El incidente podía ser relacionado con muchos otros que lo siguieron: el infortunado y desconocido ciudadano de Duluth, por ejemplo, que, en el punto culminante del desfile municipal de Bienvenida al Bueno y Normal Abnego, fue oído mientras decía, con divertido asombro: «¡Vaya, pero si sólo es un estúpido ordinario, como ustedes y yo!», y fue inmediatamente convertido en confetti celebratorio por los horrorizados ciudadanos que componían la multitud.
Los acontecimientos como éstos recibieron una cuidadosa consideración por parte de aquellos hombres cuyo poder se deriva del justo, pero bien dirigido, consentimiento de los gobernados.
Y aquellos caballeros llegaron a la conclusión de que George Abnego representaba la maduración de un gran mito nacional implícito durante más de un siglo en la cultura, y que había aparecido para ofrecer una sensación de satisfacción a través de las comunicaciones de masas y el negocio de los espectáculos.
Era un mito que había comenzado con el consejo a los jóvenes de que fueran «un chico norteamericano normal, de pelo en pecho», y que terminaba, en los niveles políticos más altos, con un aspirante a un cargo público, en mangas de camisa y con tirantes, que fanfarroneaba: «¡Narices, si todo el mundo sabe quién soy! ¡Uno cualquiera…, eso es lo que soy, uno cualquiera!»
Era un mito del que se derivaban prácticas tan superficialmente distintas como eran el rito de los políticos dando besos a los niños, el culto de «ganarle por la mano al vecino», las estúpidas, poco prácticas y siempre cambiantes modas que caían sobre la población con la monótona regularidad del paso de un limpiaparabrisas, y barriéndolo todo, como ésta. Era el mito de los estilos y de las organizaciones fraternales. El mito del «ciudadano normal».
Aquel año había elecciones presidenciales.
Dado que lo único que quedaba de los Estados Unidos era el Medio Oeste, el partido demócrata había desaparecido. Sus restos habían sido absorbidos por un grupo que se llamaba a sí mismo los «Republicanos de la Vieja Guardia», lo más aproximado a una izquierda que había en el país. El partido que estaba en el poder, los Republicanos Conservadores, se hallaban tan a la derecha que casi eran monárquicos, y habían adquirido los bastantes votos de los teócratas como para que no le tuviesen ningún miedo a las elecciones.
Desesperadamente, los Republicanos de la Vieja Guardia buscaban un candidato.

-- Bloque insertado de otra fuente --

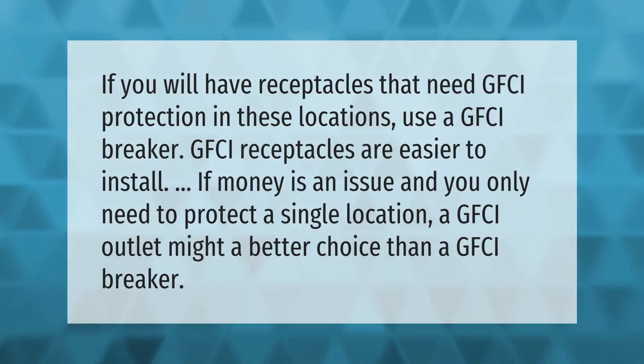If you have receptacles that need GFCI protection in these locations, use a GFCI breaker. GFCI receptacles are easier to install. If money is an issue and you only need to protect a single location, a GFCI outlet might be a better choice than a GFCI breaker.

Habiendo dejado de lado, de mala gana, al adolescente epiléptico recién elegido como gobernador de Dakota del Sur, en violación de la constitución del estado, y decidiendo no tomar en cuenta a la abuela de Oklahoma, que cantaba salmos y amenizaba sus discursos en el Senado con música religiosa que tocaba con un banjo, los estrategas del partido llegaron, una tarde de verano, a Fillmore, Wisconsin.
Desde el momento en que se convenció a Abnego a que aceptase el nombramiento, y una vez superada su bien intencionada pero poco fundamentada objeción (el hecho de que era miembro con carné del partido de la oposición), resultó obvio que había cambiado el signo de la batalla y que las masas estaban comenzando a agitarse, inflamadas.
Abnego se presentó a Presidente con el eslogan: «¡Volvamos a lo normal con el Hombre Normal!» Para cuando los Republicanos Conservadores se reunieron en asamblea ya resultaba evidente que corrían el riesgo de perder por un gran diferencia. Cambiaron su táctica y trataron de enfrentarse de frente a aquel ataque, demostrando una gran imaginación.
Nombraron para la Presidencia a un jorobado. Aquel hombre sufría del defecto adicional de ser un distinguido profesor de leyes en una de las principales universidades; se había casado y no había tenido descendencia, y se había divorciado con gran publicidad; finalmente, había admitido en cierta ocasión ante un comité investigador del Congreso que había escrito y editado poesía surrealista. Los carteles lo mostraban con una mueca horrible, con su joroba al doble de su tamaño normal, y presentando por todo el país el eslogan: «¡Un Hombre Normal para un mundo anormal!»
A pesar de esta brillante demostración de ingenio político, no cabía duda de cuál iba a ser el resultado. El día de las elecciones el eslogan nostálgico derrotó a su medicinal adversario por tres a uno. Cuatro años más tarde, con los mismos oponentes, el margen había aumentado a cinco y medio a uno. Y no hubo oposición organizada cuando Abnego se presentó a una tercera reelección…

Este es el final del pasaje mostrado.